DATA FOR THIS TASK:
☆ ☆ ☆ ☆

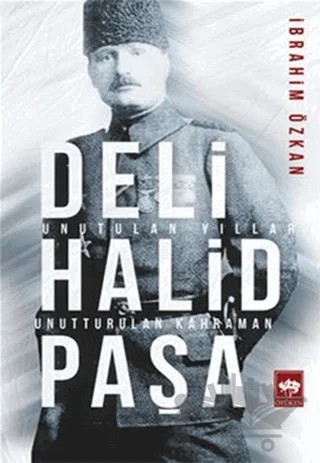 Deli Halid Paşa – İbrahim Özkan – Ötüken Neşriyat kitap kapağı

☆ ☆ ☆ ☆

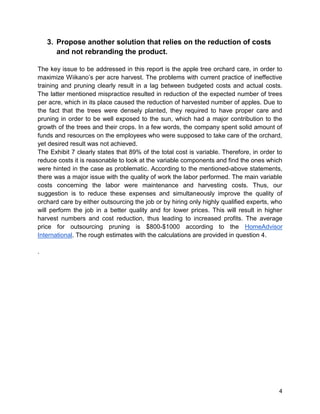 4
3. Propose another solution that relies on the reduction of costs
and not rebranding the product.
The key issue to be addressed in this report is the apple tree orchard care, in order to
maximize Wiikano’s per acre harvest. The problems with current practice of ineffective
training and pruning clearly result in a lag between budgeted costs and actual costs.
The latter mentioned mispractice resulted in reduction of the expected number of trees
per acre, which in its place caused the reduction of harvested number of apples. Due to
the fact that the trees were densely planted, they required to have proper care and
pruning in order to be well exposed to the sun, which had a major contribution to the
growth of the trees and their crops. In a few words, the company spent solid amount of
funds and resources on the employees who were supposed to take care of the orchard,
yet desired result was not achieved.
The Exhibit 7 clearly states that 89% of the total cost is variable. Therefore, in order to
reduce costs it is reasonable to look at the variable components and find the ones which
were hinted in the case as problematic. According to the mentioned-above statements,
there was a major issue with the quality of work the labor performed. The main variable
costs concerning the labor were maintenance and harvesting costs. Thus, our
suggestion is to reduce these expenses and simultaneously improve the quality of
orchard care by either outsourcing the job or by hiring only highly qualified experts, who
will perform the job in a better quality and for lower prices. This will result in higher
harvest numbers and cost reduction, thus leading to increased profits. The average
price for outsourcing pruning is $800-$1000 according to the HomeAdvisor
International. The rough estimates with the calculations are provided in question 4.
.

☆ ☆ ☆ ☆

PROBLEM TO WORK ON: Count the lines in the material containing the string "labor", and state the number with nothing added.

WRITTEN ANSWER: 2